I have two simple classes with pointers to each other:
A a1; B b1;
a1 has a pointer to b1. b1 has a pointer to a1.
Is it true that:
“Objects that are pointed
to by a raw pointer are save uniquely in a ‘single I/O operation’.”?
So if i will try to write object “a1” to the single branch without
splitting i must obtaine precisely same result as I will write to
TFile directly by TFile::WriteObject(). I mean that after reading(one
IO operation) it will be allocated only one object “a1” and “b1”.
Is it true or not?

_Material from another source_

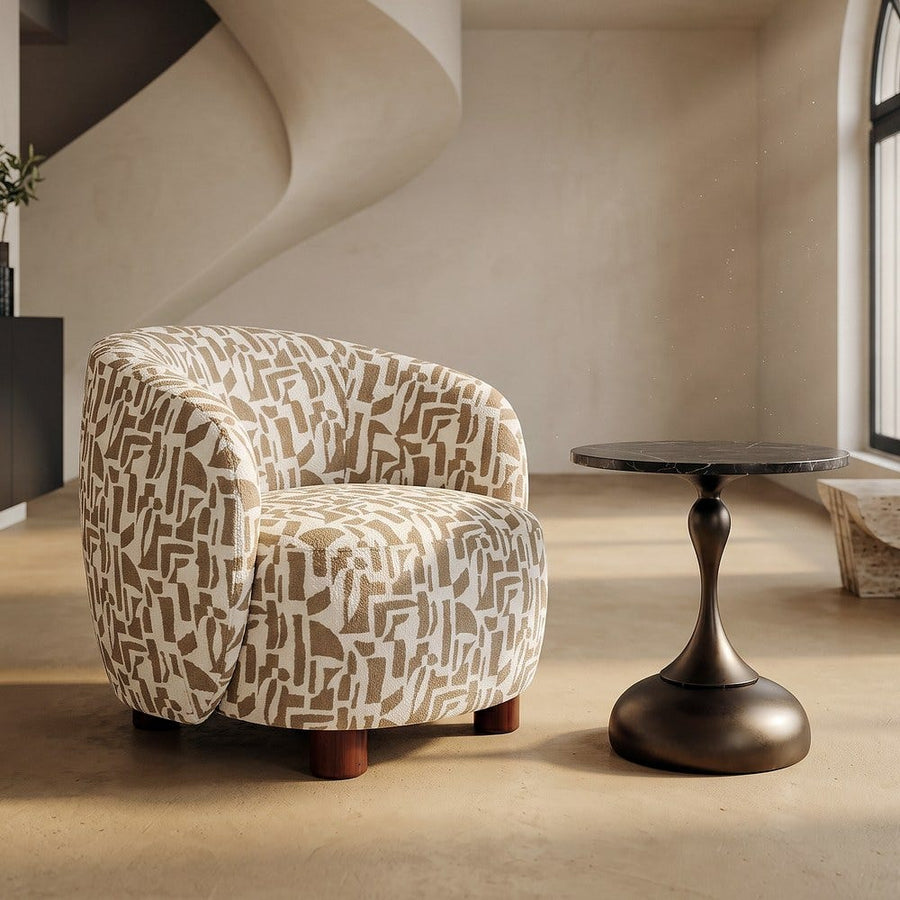Impressed Cream-Beige Armchair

Or it is more complicated?
[quote]When a top level object (eg Event *event) is a tree/graph of many objects,
the normal ROOT Streaming mechanism ensures that only one copy of each object
in the tree/graph is written to the output buffer to avoid circular
dependencies.
However if the object event is split into several files or into several
branches of one or more Trees, normal C++ pointers cannot be used because
each I/O operation will write the referenced objects.[/quote]
So in the documentation I see that if I disable splitting than
"the normal ROOT Streaming mechanism ensures that only one copy of each object is written to the output buffer".
What limitation of this statement?
In the message http://root.cern.ch/cgi-bin/print_hit_bold.pl/root/roottalk/roottalk03/3518.html
one of the solutions in same problem was:
[quote]
a) Do not split the branch at all
this would prevent reading only part of the tree[/quote]
Is it the working solution? Will be any problem in the current version of ROOT?